For completeness let us add a few comments about the critical behavior
of the theory.  (Again a good reference is ref.~\cite{parisi}.)  Clearly
the critical thermal behavior of the four dimensional theory is the same
as the critical behavior of the three dimensional theory.  In
particular, all the critical exponents are the same.  For example, near
$T=T_c$ the physical mass $m_{\rm ph}$ of the theory behaves as
%
\beq
m_{\rm ph}^2 \simeq {\rm const} \cdot \lambda_3^2 (R - R_c)^{2 \over y_E}
\simeq {\rm const} \cdot \lambda^{2-{2 \over y_E}} T_c^2
\left({T-T_c \over T_c}\right)^{2 \over y_E}~,
\eeq
%
where $y_E$ is the scale dimension of the relevant parameter at the
non-trivial fixed point.  The approximate value of $y_E$ has been
calculated by various methods: for example, the one-loop Callan-Symanzik
equation gives \cite{parisi}
%
\beq
y_E \simeq {5 \over 3}~.
\eeq
%
Similarly, at the critical temperature, the two-point thermal
correlation function (Matsubara function) of $\phi$ behaves as
%
\beq
\left\langle \phi (r) \phi (0) \right\rangle_{T=T_c} \simeq
T_c \left\langle \Phi (r) \Phi (0) \right\rangle_{m_3^2=m_{3,c}^2} 
\simeq {\rm const} \cdot {\lambda^{- \eta} T_c^{1-\eta} \over r^{1+\eta}}~,
\eeq
%
where the anomalous dimension $\eta$ is about $.05$.
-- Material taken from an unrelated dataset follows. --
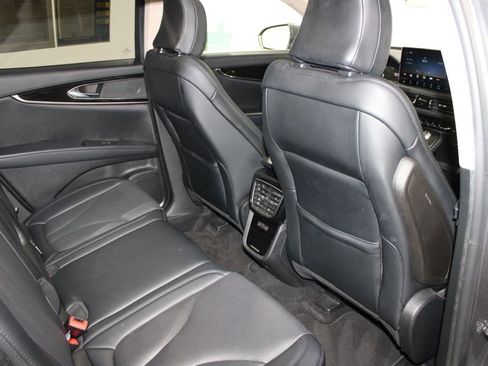 Used 2022 Lincoln Nautilus Reserve w/ Monochromatic Package image 33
How can we improve the high temperature approximation?  At higher orders
we must not only calculate the next loop order terms in
eqns.~(\ref{lambda},\ref{mtwo}), but also we must introduce
irrelevant\footnote{irrelevant with respect to the fixed point at
$\lambda_3 = m_3^2 = 0$ as opposed to the non-trivial infrared fixed
point} terms such as $\Phi^6$ (dimension three) and $\Phi^2 \p_\mu \Phi
\p_\mu \Phi$ (dimension four) in the three dimensional lagrangian.  The
calculations will be significantly more complicated.  A simple analysis
shows that the parameter of $\Phi^6$ is of order ${1 \over T^3}$, and
that of $\Phi^2 \p_\mu \Phi \p_\mu \Phi$ is of order ${1 \over T^2}$.
Therefore, we still do not need to introduce irrelevant terms at the
next order, but at the next next order we must introduce the term
$\Phi^2 \p_\mu \Phi \p_\mu \Phi$.

The above calculation of the critical temperature can be easily extended
to the four dimensional O(N) linear sigma model whose lagrangian is
given by
%
\beq
\L = {1 \over 2} \sum_{I=1}^N \p_\mu \phi^I \p_\mu \phi^I 
+ {m^2 \over 2} \sum_{I=1}^N \phi^I \phi^I
+ {\lambda \over 8}  \left( \sum_{I=1}^N \phi^I \phi^I \right)^2
+ {\rm counterterms}~.
\eeq
%
The critical temperature is obtained as
%
\bea
T_c^2 &=& {- 24 m^2 \over (N+2) \lambda} \Bigg[ ~1 +
{3 \lambda \over (4\pi)^2}
\Big\lbrace - \ln (- 24 m^2)\nonumber\\
&& - 3 \ln \left((N+2) \lambda\right)
+ 8 (N+2) (4\pi)^2 R_{N,c} + 2 \Delta ~\Big\rbrace 
+ {\rm O} (\lambda^2)~\Bigg],
\eea
%
where the constant $R_{N,c}$ is the value of the RG invariant 
%
\beq 
R_N (m_3^2, \lambda_3) \equiv {m_3^2 \over (N+2)^2 \lambda_3^2} -
C_N \ln \left((N+2)\lambda_3\right)
\eeq 
%
at the critical point ($C_N \equiv - {1\over 2(N+2) (4\pi)^2}$).  In the
large N limit we find $R_{N,c} = 1/(8 \pi)^2$.

\vskip .5cm
In this letter we have computed the critical temperature of the four
dimensional $\phi^4$ theory to the next leading order in the small
coupling constant $\lambda$ using the effective three dimensional
theory.

\begin{thebibliography}{99}
\bibitem{braaten-nieto} E.~Braaten and A.~Nieto, Phys.~Rev.~{\bf
D51}(1995)6990, . 
\bibitem{shapo} K.~Farakos, K.~Kajantie, K.~Rummukainen, and
M.~Shaposhnikov, Nucl.~Phys.~{\bf B425}(1994)67, .
\bibitem{weinberg} S.~Weinberg, Phys.~Rev.~{\bf D9}(1974)3357.
\bibitem{arnold-zhai} P.~Arnold and C.~Zhai, Phys.~Rev.~{\bf
D50}(1994)7603, . 
\bibitem{parisi} G.~Parisi, {\it Statistical Field Theory}
(1988, Addison-Wesley);\\ J.~Stat.~Phys. {\bf 23}(1980)49.
\bibitem{symanzik} K.~Symanzik, Lett.~Nuovo~Cimento {\bf 8}(1973)771.
\end{thebibliography}
\end{document}